Cooling systems are necessary components in a wide variety of advanced devices.  These devices regulate the heat dissipation which is a common and detrimental produce of power input.  Today's cooling systems  take advantage of convection, conduction and/or radiation to move heat efficiently away from the heat generator.  Commercial systems available today fall into the following categories: 

• Liquid pumped systems

• Cryogenic spray systems

• Heat wicking (Heat Pipes)

• Heat sinks

• Thermoelectric coolers (TECs)

Laser diodes are made of semiconducting materials which produce very high heat loads.  Optical efficiencies of these diodes are very highly temperature dependent, so precise temperature control is necessary.  Conventional cooling systems for high-power diode arrays typically use liquid cooled approaches to maintain the diode temperature near room temperature.
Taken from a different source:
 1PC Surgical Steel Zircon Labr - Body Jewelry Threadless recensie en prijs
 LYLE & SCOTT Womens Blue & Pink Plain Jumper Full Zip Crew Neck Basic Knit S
This project explores the thermal properties of a cooling package designed specifically for laser diode cooling.  If successful, my research will deliver a package having the following advantages over today's commercially available systems:

1. Space efficiency - The system requires far less room.

2. Very few moving parts - With the exception of a fan, this system has no moving parts.  Existing systems often require pumps, fans, and other components which greatly reduce the working lifetime of the system.

3. Control - The system can be easily controlled and adjusted by a variable DC source.

4. Maintenance - Less moving parts means maintaining this system is quite easy.